Tuesday, May 29, 2012

Overdue blog part 2: Sydney

Yes, that’s right, another interstate trip.

Following my return from Albury, I’ve spent the last week and a bit gathering more research. I headed along to the National Library of Australia in Canberra, where I spent an afternoon scanning through 1930s editions of Truth newspaper, until I got seasick from the microfilm.

Then to Sydney, where I visited the Home front: wartime Sydney exhibition at the Museum of Sydney to get context on the time in which the pyjama girl case unravelled. I also visited the Museum of Contemporary Art and saw part of Vivid Festival while I was there—all in one whirlwind day.
The main event of the day though, was the Justice and Police Museum, housed in the historic building that was once home to the water police and court. Inside it’s a place of heavy sandstone walls, labyrinthine corridors, and old cells that would be eerie if they weren’t so neatly kept.
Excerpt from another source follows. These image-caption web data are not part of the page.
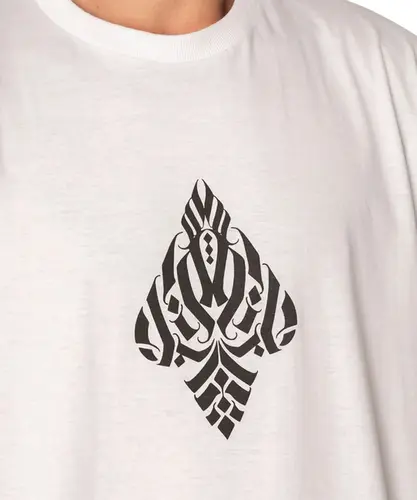 Camiseta MCD Regular Espada Caligrafiti Branco
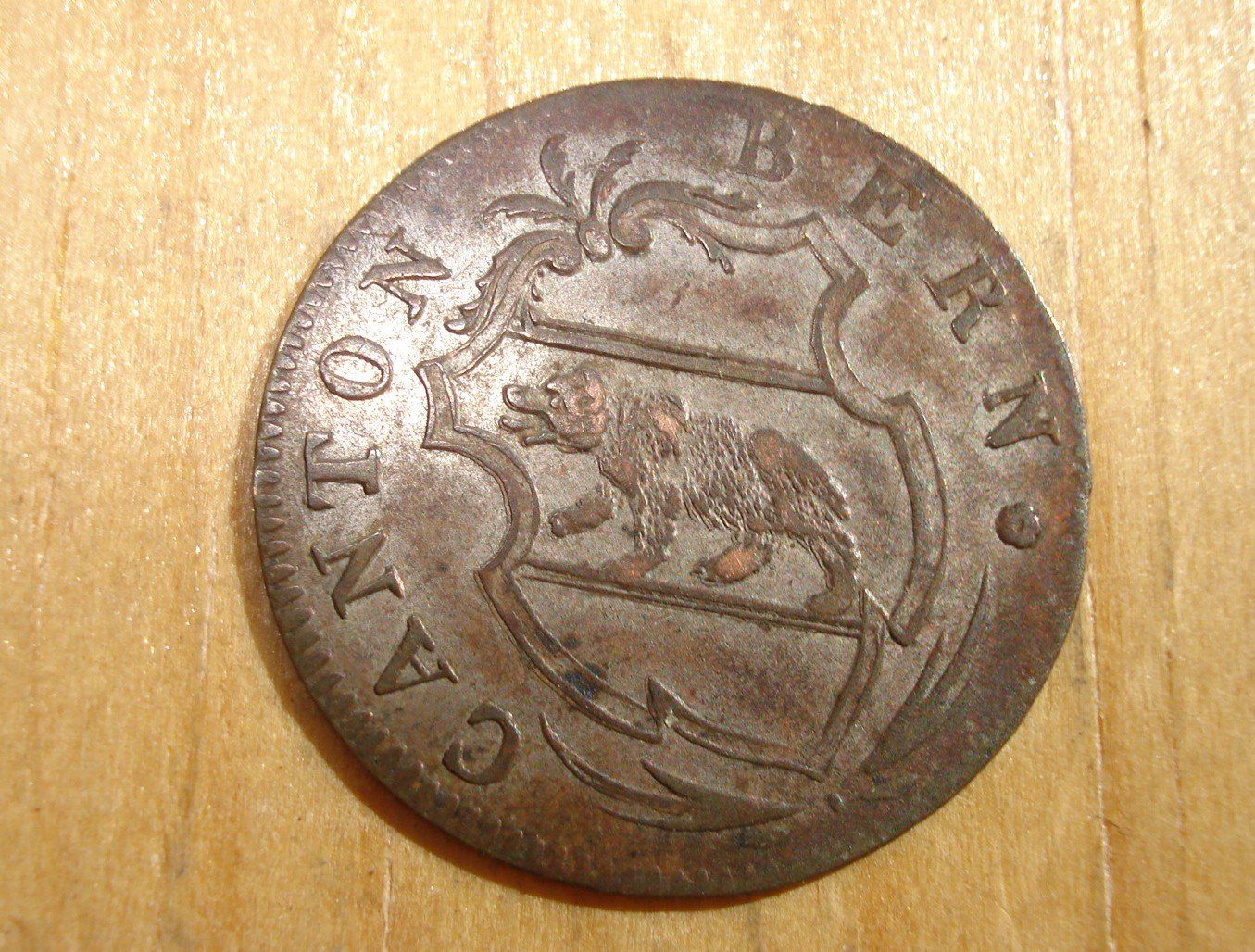 Tutti le monete: (D3) Bern 2 1/2 Rappen 1811 – Usato da Erlach venduto da Net-Coins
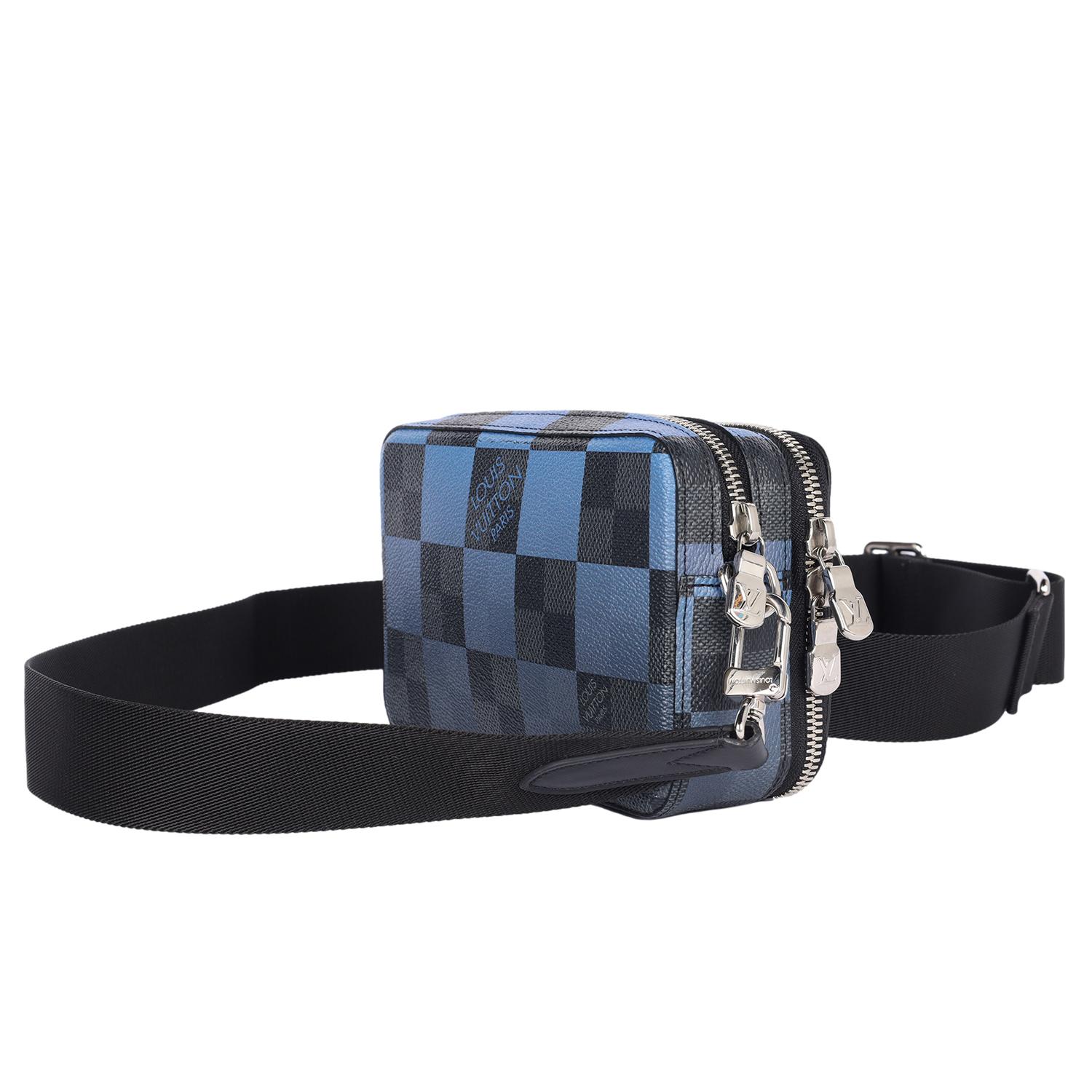 LOUIS VUITTON Giant Damier Graphite Alpha Wearable Wallet Navy For Sale 4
Inside, you’d hardly know you were just steps away from Circular Quay.

The x-rays of that led to the discovery of a bullet

My reason for visiting was the exhibition dedicated to the Pyjama Girl, which includes her penultimate resting place—the lead lined coffin in which she was preserved for 10 years.
When people hear that she was submerged in a formalin bath, they often imagine something like a bathtub—or else, something in the way of a glass coffin. Even though I knew that wasn’t the case, seeing this receptacle in person gave me goose bumps. In fact, it made me feel incredibly sad. I tried to work up the nerve to touch it—after all, it was just a wooden box—but I couldn’t.

I left the room—an old cell—and wandered through the narrow corridor of the historic building to the next room. When I walked into this one, I saw two men in police uniforms with their backs to me and at first, I thought they stuffed manikins—ghosts on display, along with the photographs that lined the cinderblock rooms.
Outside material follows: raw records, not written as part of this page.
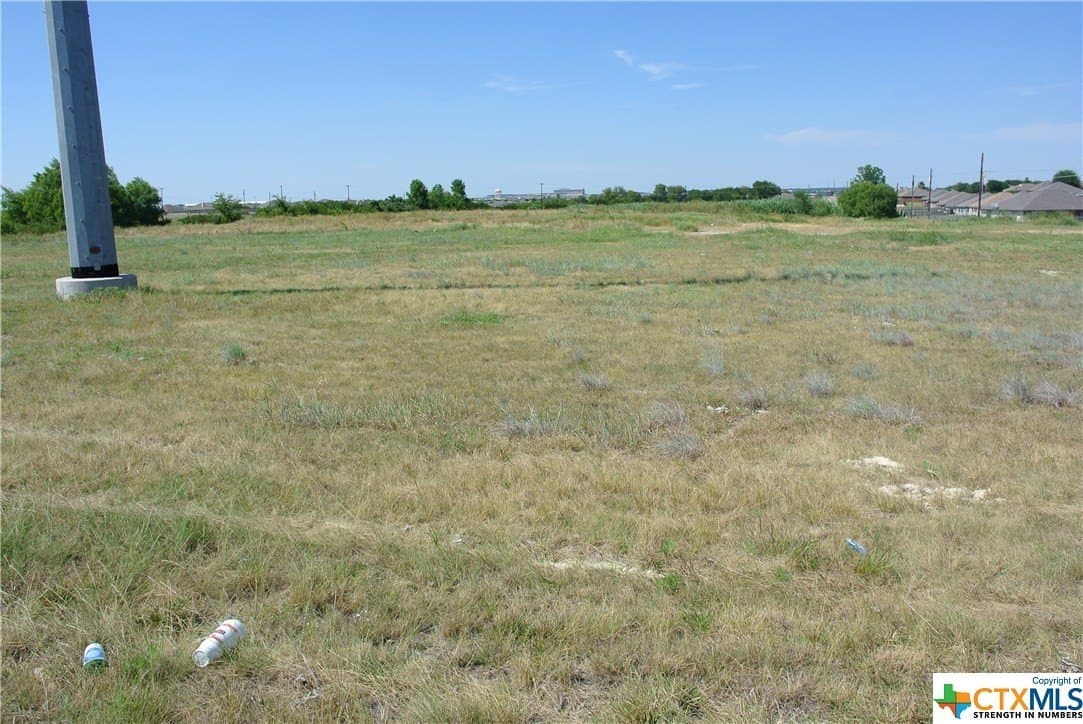402 W Elms Road lot: 8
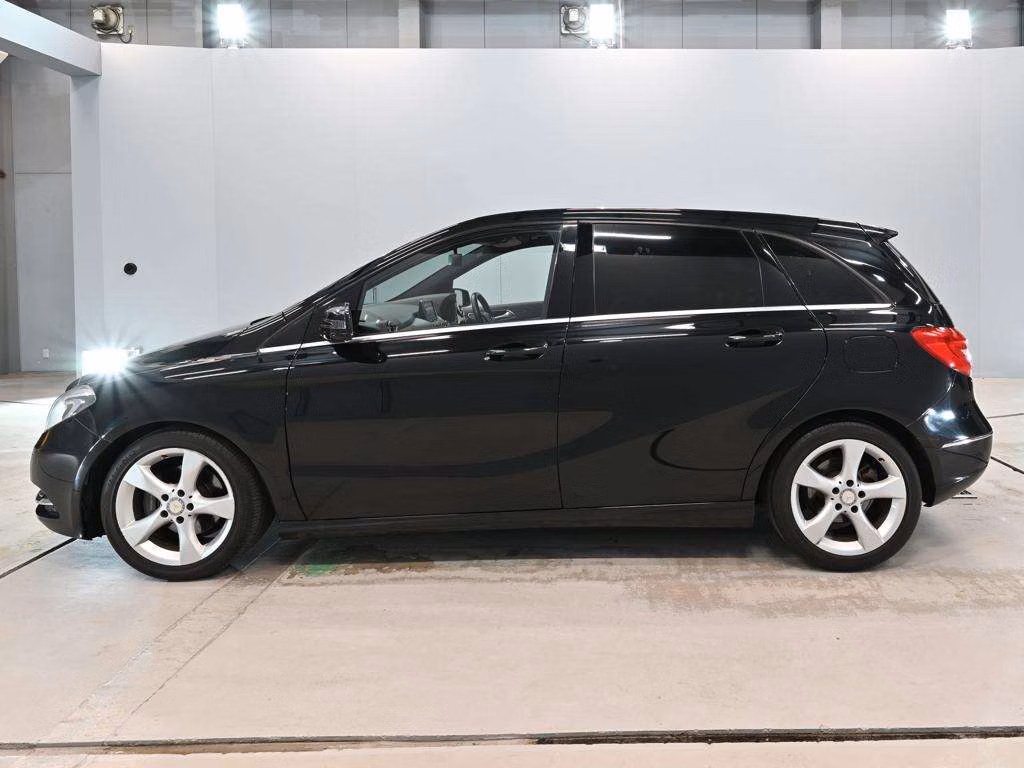 MERCEDES-BENZ B-CLASS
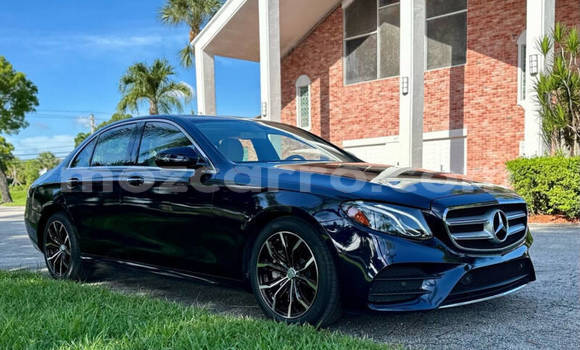 Buy Used Mercedes-Benz E-Classe Blue Car in Maputo in Maputo Buy Used Mercedes-Benz E-Classe Blue Car in Maputo in Maputo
The lonely second-last resting place

Then one of the police officers shifted his weight, rolled his ankle in circles like someone who had been on his feet too long already that day, and moved across to the next row of photos.
I shuffled around the room too, following them without making eye contact—I was too spooked to look up.
We were all silent, until they began to leave the room, and I heard a radio crackle.
Later, I went back into the room where the Pyjama Girl’s casket was kept. This time, I touched it.

It was a wooden box,  hollowed, empty.

Monday, May 28, 2012

Overdue blog part 1: Albury

Apologies for the radio silence, but I’ve been busy working on the Pyjama Girl Project—as evidenced by the lack of procrastination-by-blogging.
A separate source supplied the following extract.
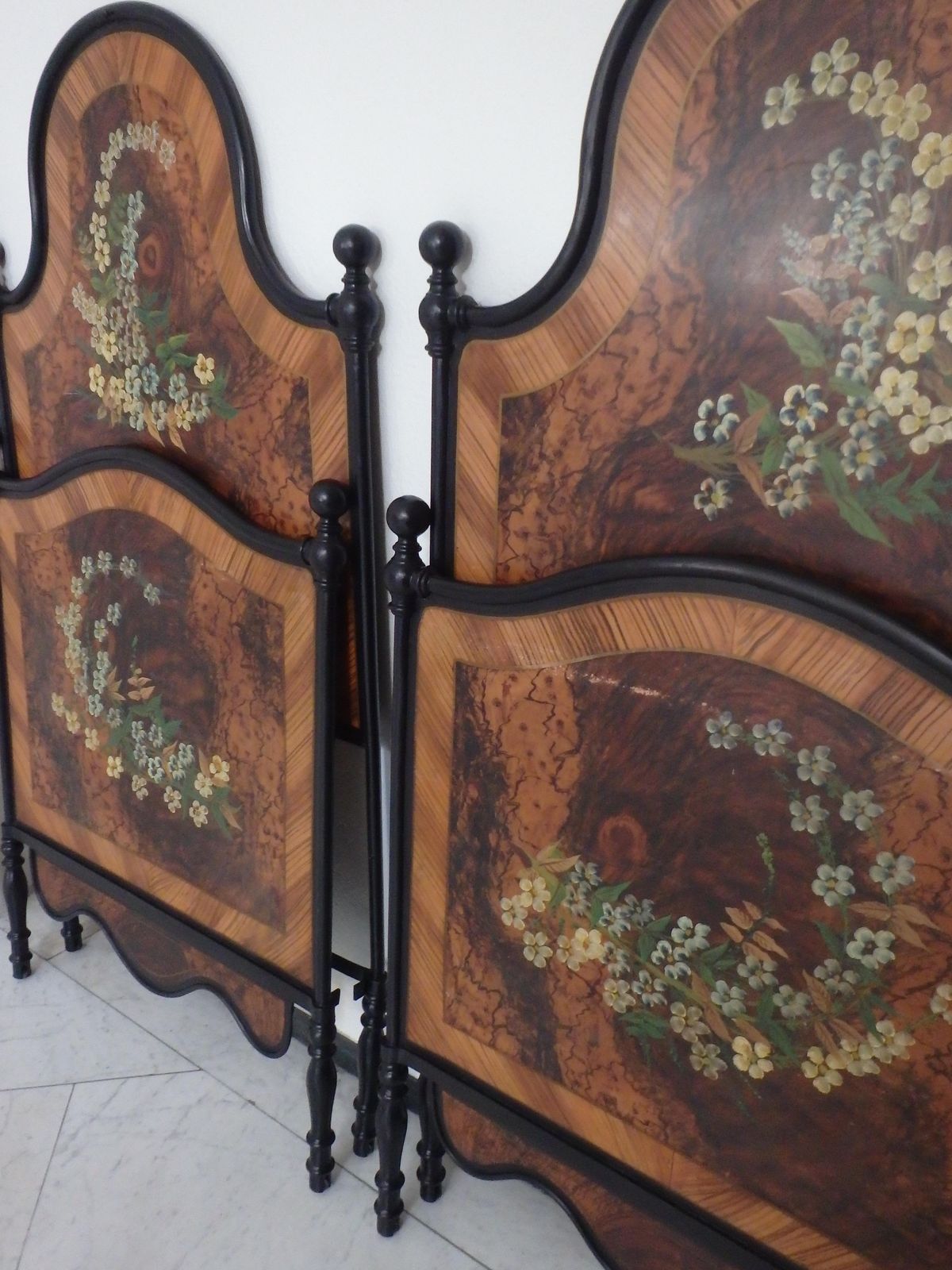 photo vinterior 2 Art Nouveau Metal Hand Painted Extravagant Single Beds With Flowers Chalet Sty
Since my last update, I’ve been gathering research, ideas, and the story of the Pyjama Girl. This has included time trawling through Trove, library visits and a couple of trips down to Albury.
My first major milestone for my Jump project was to send excerpts of interview transcripts to my mentor, Colette. When I got Colette’s feedback, I realised I’d made a facepalm-worthy rookie mistake. You see, I’d already conducted so much research that I knew the story inside out. And when people were speaking to me, they assumed I had this level of knowledge. This meant I didn’t manage to capture anyone talking about the origins of the story—the dead girl found by the side of the road.

And at its heart, that’s what the story is all about.
So I resumed my hunt for talent. Without being sure what to expect, I tracked down Richard Evans, historian, criminologist and author of the Pyjama Girl Mystery–an exhaustively researched and definitive examination of the evidence, and beautifully written to boot. I think I ran around my office squealing when I heard back from Richard, who happily agreed to be interviewed, and even very generously offered to dig through his archives for some research I’d been chasing.

A week after interviewing Richard, who is the living expert on the case, I then had a go at pretending to be the second-foremost authority, when I gave a talk at the invitation of the Albury LibraryMuseum as part of Law Week 2012. The topic was Law and Justice: Our Murky Past. A local solicitor, Kym, spoke about the legal perspective of the case.
Afterwards, we had a photo shoot in front of the Pyjama Girl’s death mask, which is on display in the LibraryMuseum.

The death mask--and unfortunate reflective glare.
Believe it or not, this was my third time looking down the barrel of a camera next to that mask—but this time was very different—the glass case was unlocked and one side removed, and Kym and I were asked to move closer to the mask by the photographer. Obediently, we moved our heads into the case, occupying the same space as the mask (no copy, but the actual plaster cast that was once pressed against the dead girl’s battered face). It smelled sterile, like a hospital. That was the strangest thing. The cast looked sadder and smaller without the pane of glass separating us and bouncing my own reflection back at me. The photographer asked us to smile. It was hard to manage.